%%

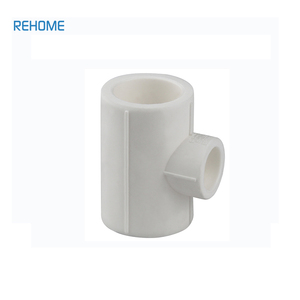 Pp - <span class=keywords><strong>r</strong></span> <span class=keywords><strong>r</strong></span>éduire tee, Ppr raccords de tuyauterie, En plastique PPR Tee - Product Image 3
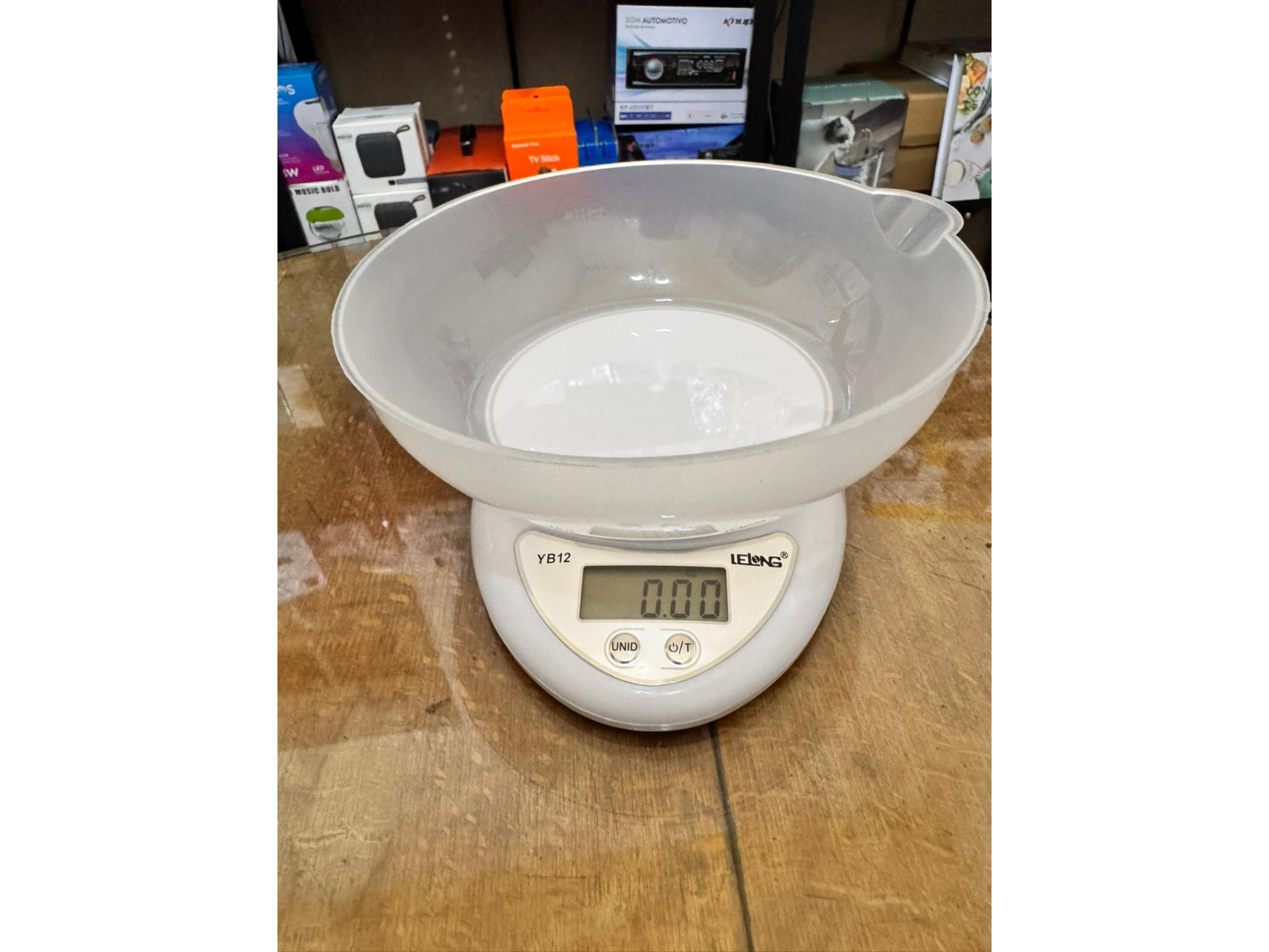 MINI BALANZA DE COCINA CON RECIPIENTE 1GRS A 5KG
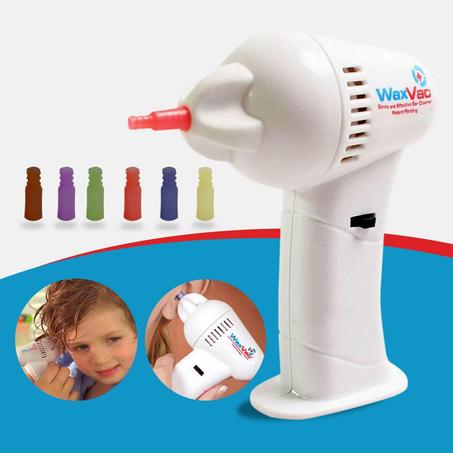 جهاز تنظيف الأذن
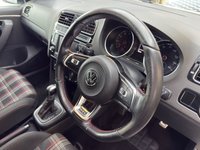 USED 2017 17 VOLKSWAGEN POLO 1.8 TSI GTI Hatchback 5dr Petrol DSG Euro 6 (s/s) (192 ps) 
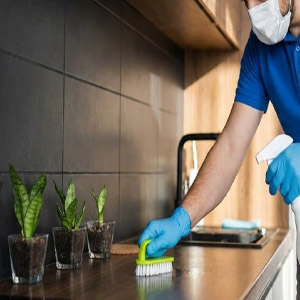 خدمة تنظيف المطابخ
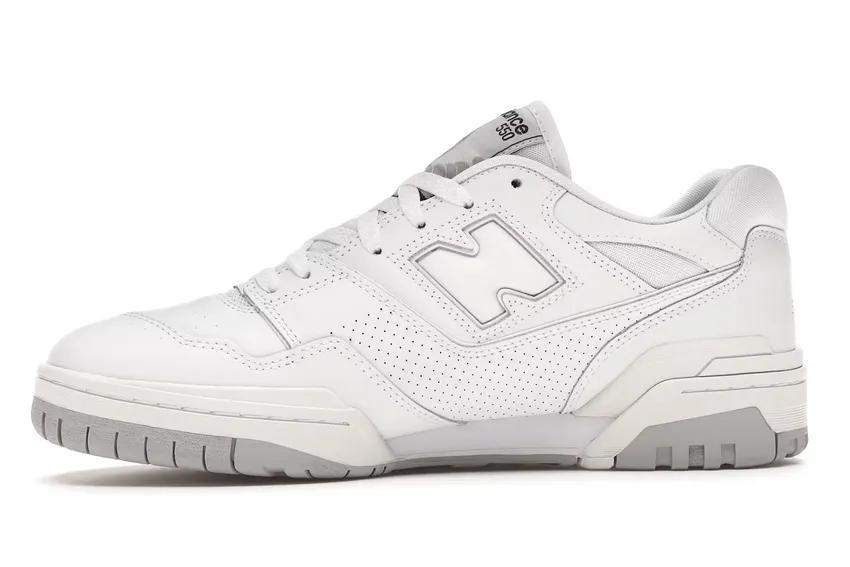 New Balance 550 White Grey BB550PB/BB550PB1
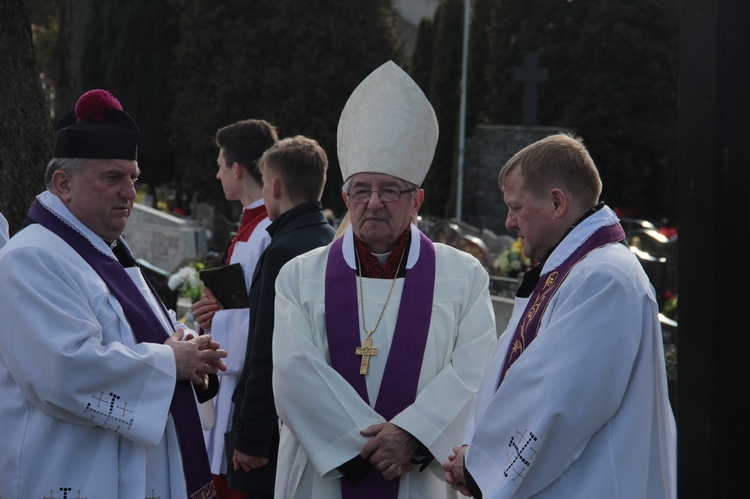 Pogrzeb ks. Stanisława Ziółkowskiego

%%

• WORK ITEM
Please write out the entire listing above exactly, but leave the pictures out.

• RESPONSE FOR THIS EXERCISE
 Pp - <span class=keywords><strong>r</strong></span> <span class=keywords><strong>r</strong></span>éduire tee, Ppr raccords de tuyauterie, En plastique PPR Tee - Product Image 3
 MINI BALANZA DE COCINA CON RECIPIENTE 1GRS A 5KG
 جهاز تنظيف الأذن
 USED 2017 17 VOLKSWAGEN POLO 1.8 TSI GTI Hatchback 5dr Petrol DSG Euro 6 (s/s) (192 ps) 
 خدمة تنظيف المطابخ
 New Balance 550 White Grey BB550PB/BB550PB1
 Pogrzeb ks. Stanisława Ziółkowskiego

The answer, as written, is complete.